Police in Peru have fired tear gas to disperse protesters blocking a highway near Pisco – the southern town that was ravaged by an earthquake in 2007.
The demonstrators were denouncing what they said was a lack of action on the part of the government of President Alan Garcia to rebuild the town.
More than 500 people were killed and some 75,000 homes destroyed in the region by the 8.0-magnitude earthquake.
But two years later, many people in the region still live in tents and shacks.
‘Desperation and anger’
On Saturday, riot police used tear gas to disperse protesters who had blocked a section of the Pan-American highway leading to Pisco.
There is still grief in the town but also desperation and anger directed at the government for what many see as its failure to deliver on promises of a rapid reconstruction, the BBC’s Dan Collyns reports from Pisco.
Only 25% of the planned reconstruction has taken place in Pisco, the worst-hit town in the area, our correspondent says.
Some 40,000 people in the region are still living in tent cities or one-room pre-fabricated shacks.

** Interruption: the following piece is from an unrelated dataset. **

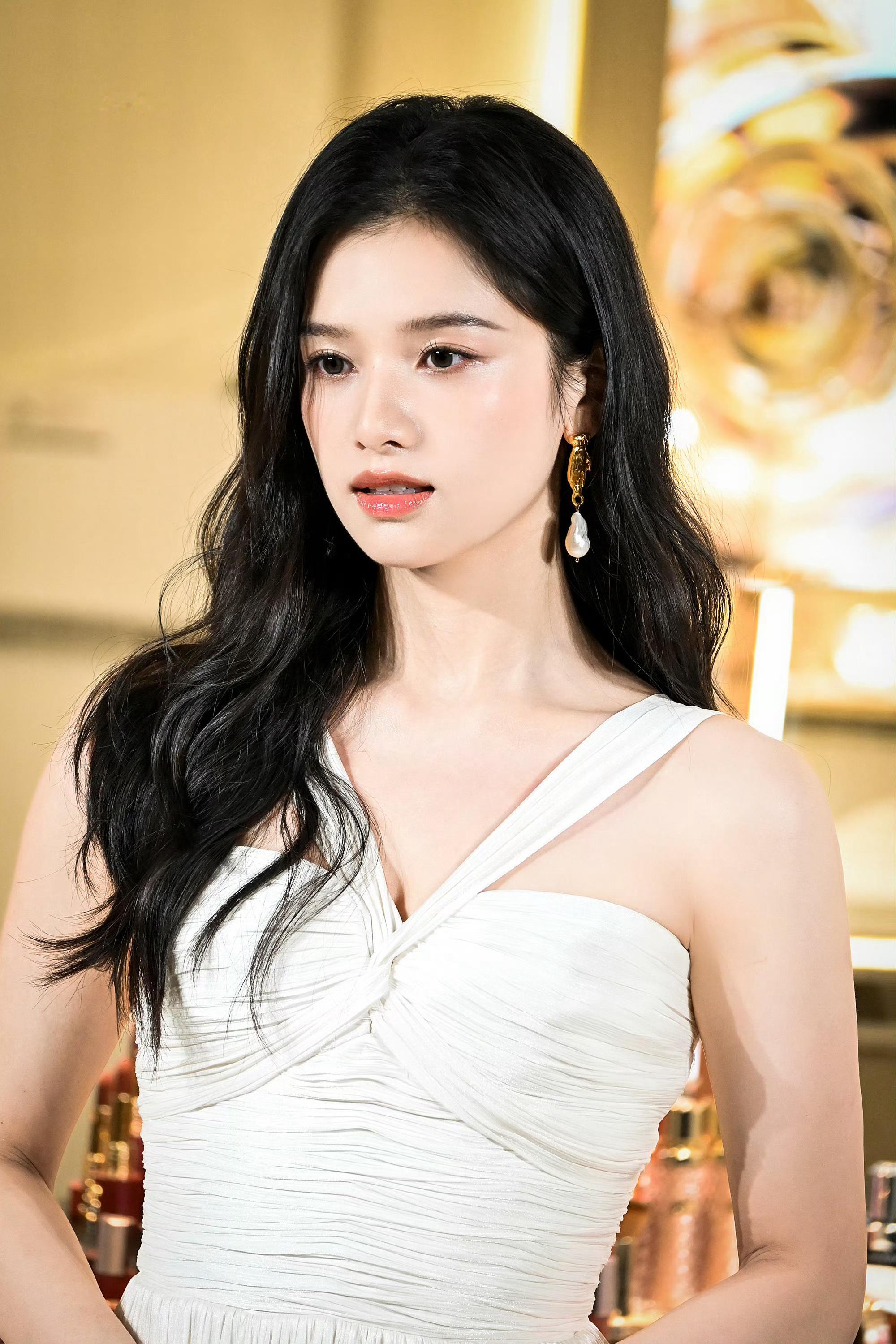 张婧仪好权威的一张脸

Many local residents say millions of dollars in reconstruction funds have never reached them, accusing officials of corruption and inefficiency.

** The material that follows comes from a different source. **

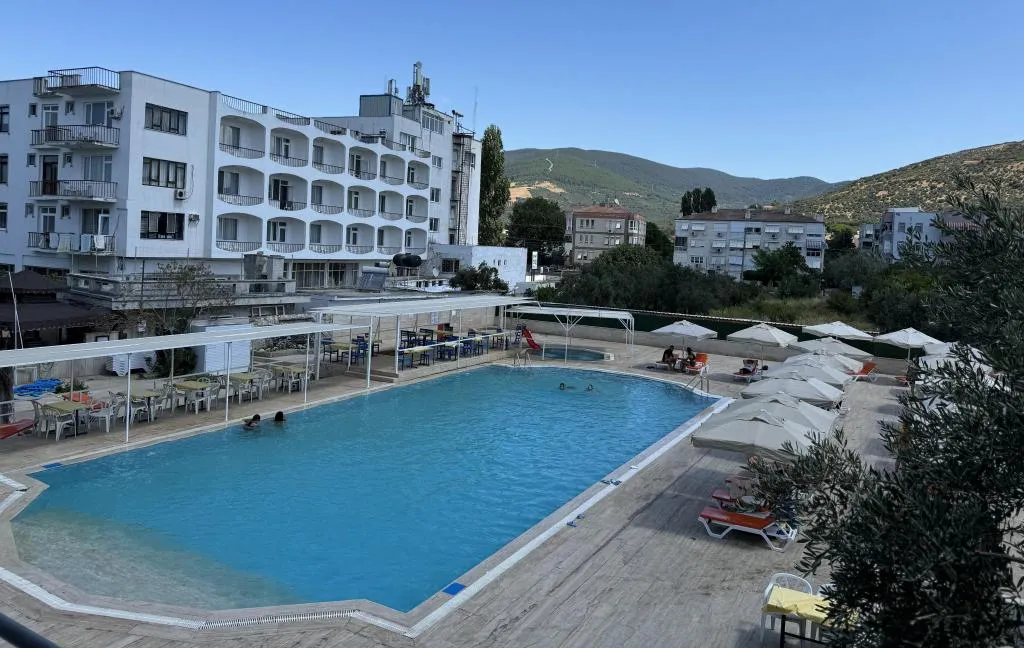 Havuz ve Kara Manzaralı Oda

“The president [Alan Garcia] and the [Pisco] mayor are all liars. They haven’t done anything,” local resident Nilda Solis Miranda was quoted as saying by Reuters.

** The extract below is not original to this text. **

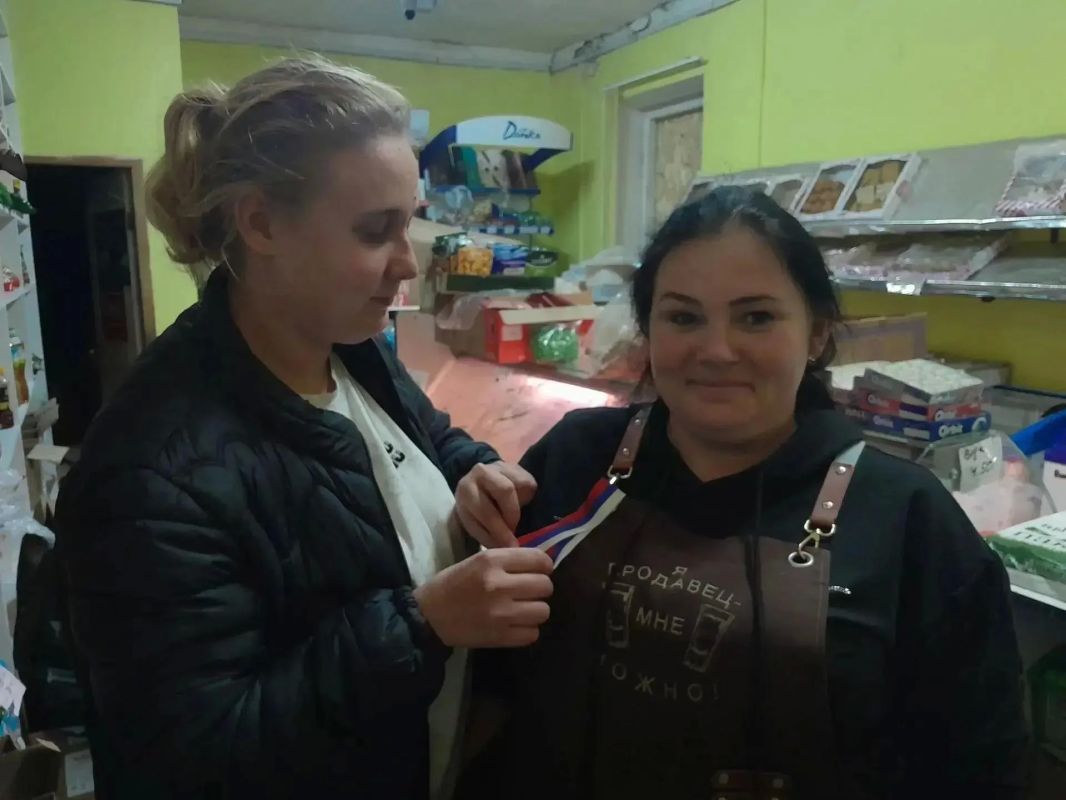 В Никитовском районе Горловки прошла акция по раздаче лент в цветах флага Российской Федерации и Донецкой Народной Республики В Никитовском районе Горловки прошла акция по раздаче лент в цветах флага Российской Федерации и Донецкой Народной Республики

Fellow resident Aria Loayzo said: “All the streets are destroyed. There are no completed homes. There isn’t a good administration for the donations of money sent from other countries for our province.”
Mr Garcia, who has seen his approval rating drop to under 30% in recent weeks, had promised a speedy rebuilding of the region after the quake.
Peru’s fourth housing minister in three years, Francis Allison, admitted there had been mistakes and said some regional authorities had been working incredibly slowly.
Meanwhile, town mayors insist they never received government money promised to rebuild basic infrastructure and homes.